Saturday, July 31, 2010

Commandment Seven

For our story that clearly shows the folly of committing adultery, we used David and Bathsheba. David is on the roof & sees this beautiful woman next door taking a bath (in a large plastic storage bin). Should he keep looking? NO! But what does he do? He whips out a pair of binoculars (two toilet paper rolls taped together) for a closer look. He really wants to know who she is so he calls a servant up & gives him the binoculars. Servant says it's Uriah's wife & he is dispatched to go bring her. She gets out of the "tub" and puts on a bathrobe (over her clothing, of course!) & comes to David. They sit on the recliner together and are briefly covered with a blanket. Bathsheba was one of our neurotypical girls, & was acting very flirtatious in the recliner. Our autistic David was totally oblivious to what was supposed to be going on. Just as well!

Bathsheba goes home, but soon sends a servant to tell David she is pregnant. Our servant, Sally, doesn't speak much, so I told her she could just gesture to describe a large tummy. But Mrs. Chu really wants to encourage her to talk more (which is good) so she was trying to insist she say "she's having a baby." But for some reason this struck Sally so funny she couldn't get a word out. Every time she opened her mouth she would start shaking with silent laughter. Occasionally she would just make the gesture. It was very cute and funny to watch! Eventually we decided she'd communicated well enough, so David sends for Uriah to "talk about how the fighting is going," (looking at a map together). Then David tells him to go home but instead he sits on the couch with the servant under a blanket. David then has to go with plan B, which is to send a letter by the hand of poor Uriah himself, to Joab to tell him to arrange Uriah's death.

This taken care of, David plays the benefactor: oh, his loyal soldier is dead and left a pregnant widow—he will take care of her by marrying her! (they march down the room to the wedding march) He may think he's gotten away with this, but soon Nathan the prophet comes & tells him he's going to be punished by having people steal his wives, and there will always be killing among his descendants. He immediately admits his sin, so at least is spared being put to death himself. End of story.
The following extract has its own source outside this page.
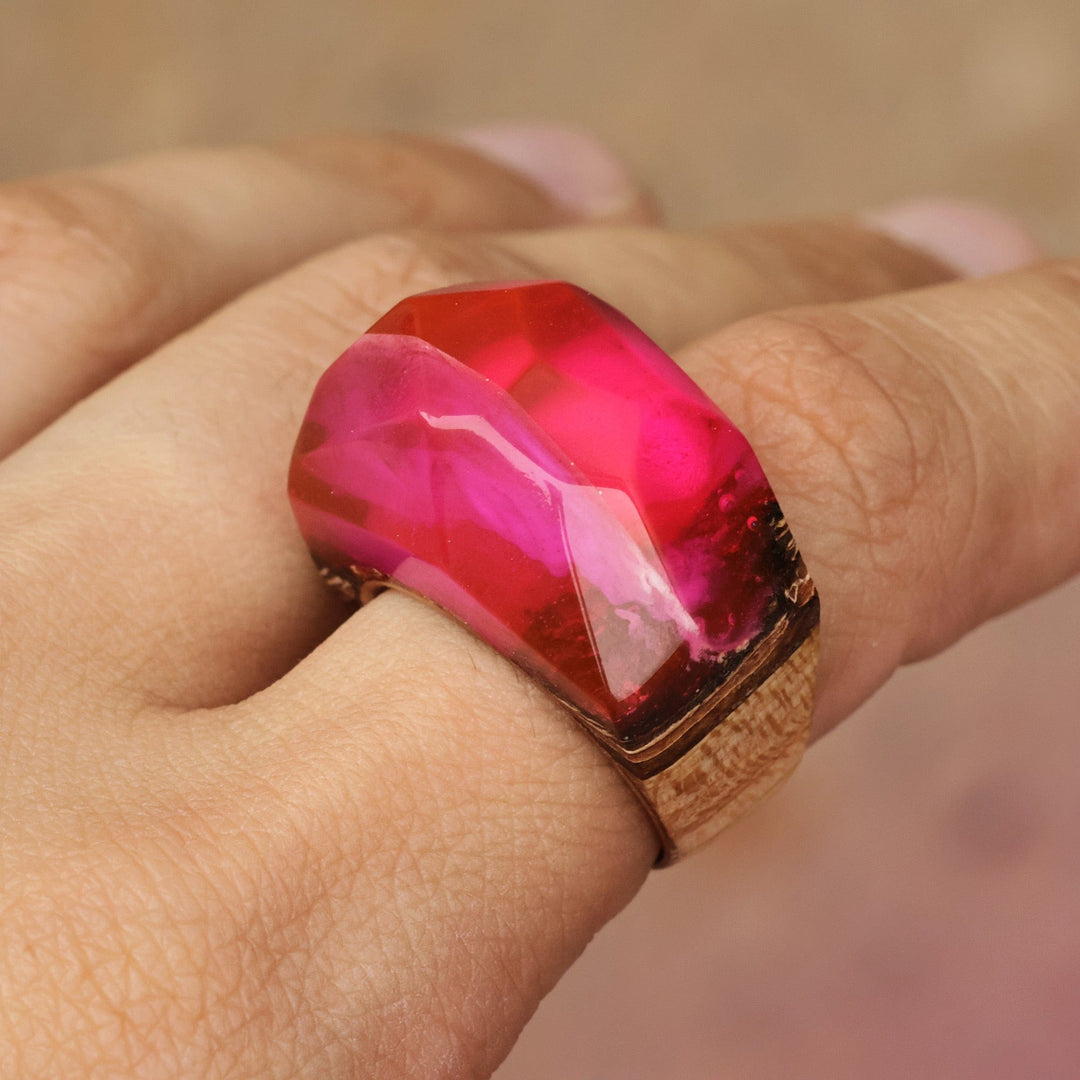 Handcrafted Apricot Wood and Resin Domed Ring in Fuchsia - Pink Splendor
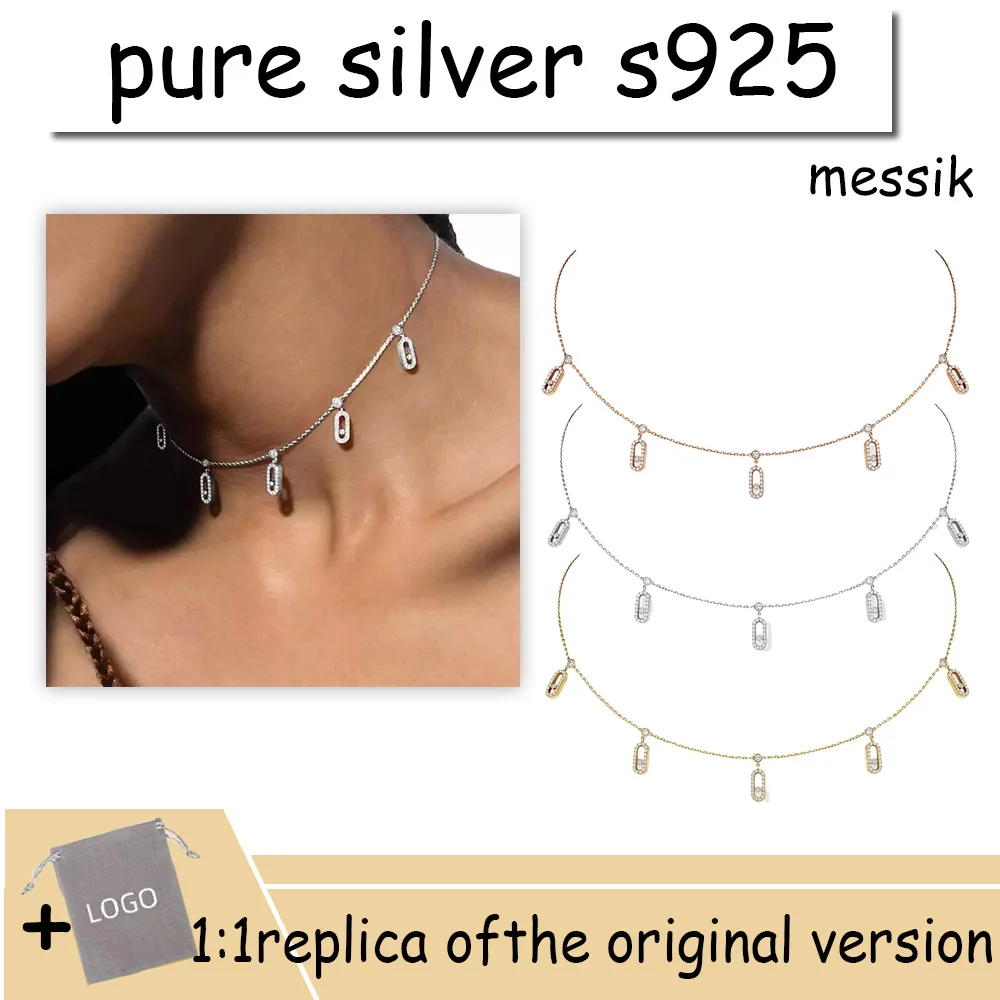 S925 Silver Choker Move Uno Pendant Necklaces Official Website Trendy Personalized Jewelry High-quality Holiday Party Jewelry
Our game was three-legged racing to illustrate the truth that a married couple is meant to walk through life together. I had brought an old leg-warmer to use as a simple way to join the legs of each pair. Someone asked, are you sure it's going to be big enough for two people's legs? I said I was sure, because I had checked by putting it around both of my "sturdy" calves the previous evening—and then of course the phone rang…(true story)!

For craft, following the wedding theme, each child had a cartoon couple on which to stick various parts of fancy wedding outfits, in the correct order. I was surprised at all the neckless couples we ended up with—I thought the kids had done better with this craft three years ago. Maybe the parents helped more the first time? It was fun for everyone though.